How do we know why we love something? Or, how would our feeling of appreciation be different if we begin to understand why we have been loving something?
Autumn has always been an object of beauty for me, stimulating a deep but inexplicable enthusiasm. This year, my reading of Frantz Fanon’s Black Skin, White Masks has coincided with the emergence of the fall, when autumn rains pour over the city, and drinks, foods, and sweets are mixed with pumpkin flavor. In the last autumnal days of the summer, I am given a more concrete reason to scrutinize my feelings about autumn.

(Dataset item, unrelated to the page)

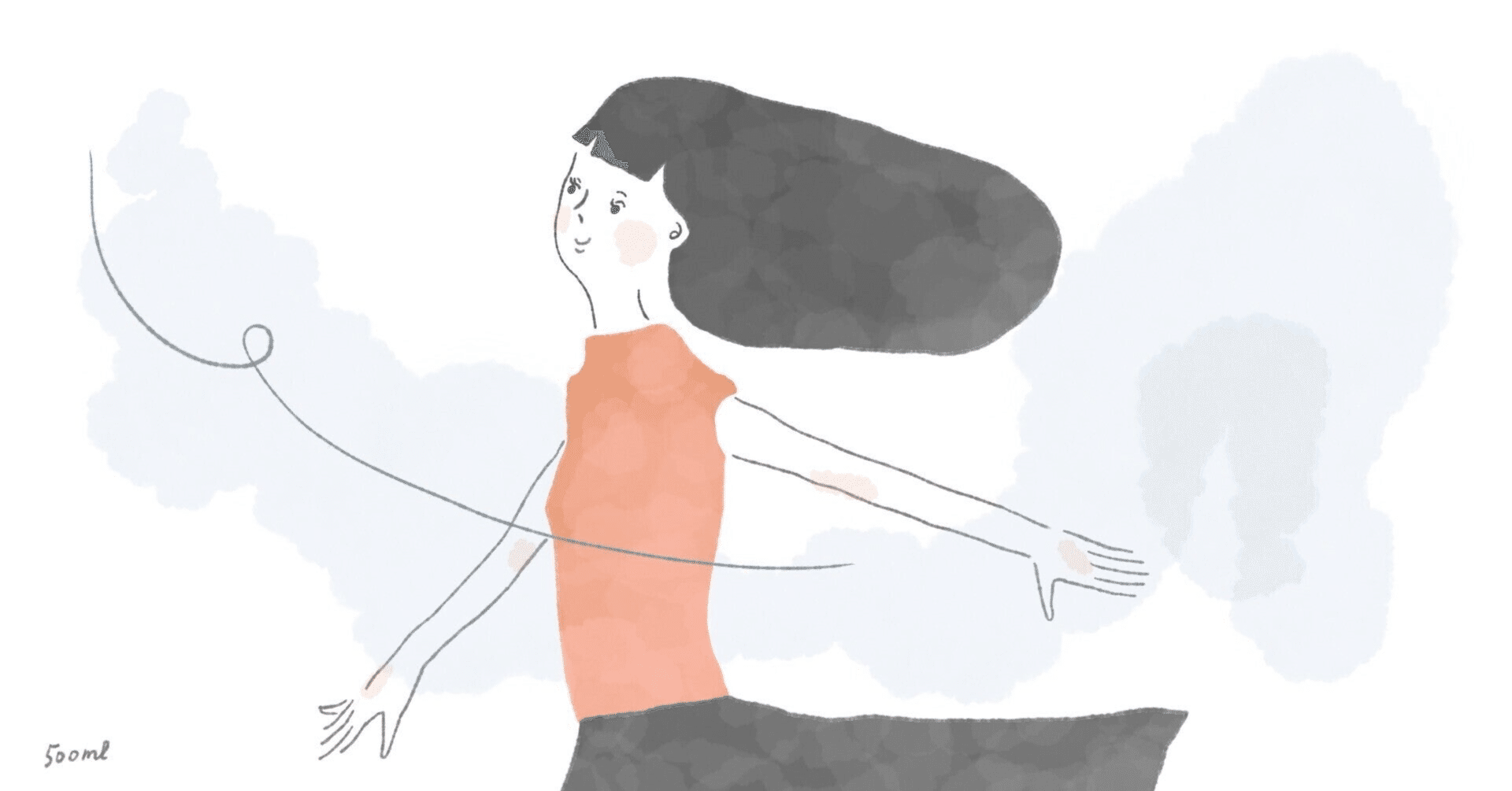 単独行動が苦手な おひとりさま はソロ活がしたい みくるべみえ お絵描きエッセイスト Note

In Black Skin, White Masks, Fanon applies psychoanalytic theory to explain the “so-called dependency complex” of the black psyche, analyzing it as symptomatic of a racial/colonized construct. After a thorough study of the black man and his relation to language, sexuality, and self-recognition, against the backdrop of his lived experience, Fanon ends the book with a gesture towards a “New Humanism”: “My final prayer: O my body, always make me a man who questions!” (206). Fanon’s call for lifelong inquiry introduces his desire for a dynamic subjectivity which does not rest and moves beyond the place of the unknown, or the unknowable.
Through his observation, Fanon introduces a zone of nonbeing, a site he describes as “an extraordinarily sterile … region, an incline stripped bare of every essential from which a genuine new departure can emerge” (xii). He locates this zone in the heart of the black experience, in a world ruled by white standards, where the black man neither belongs to whiteness, nor can exist through his blackness.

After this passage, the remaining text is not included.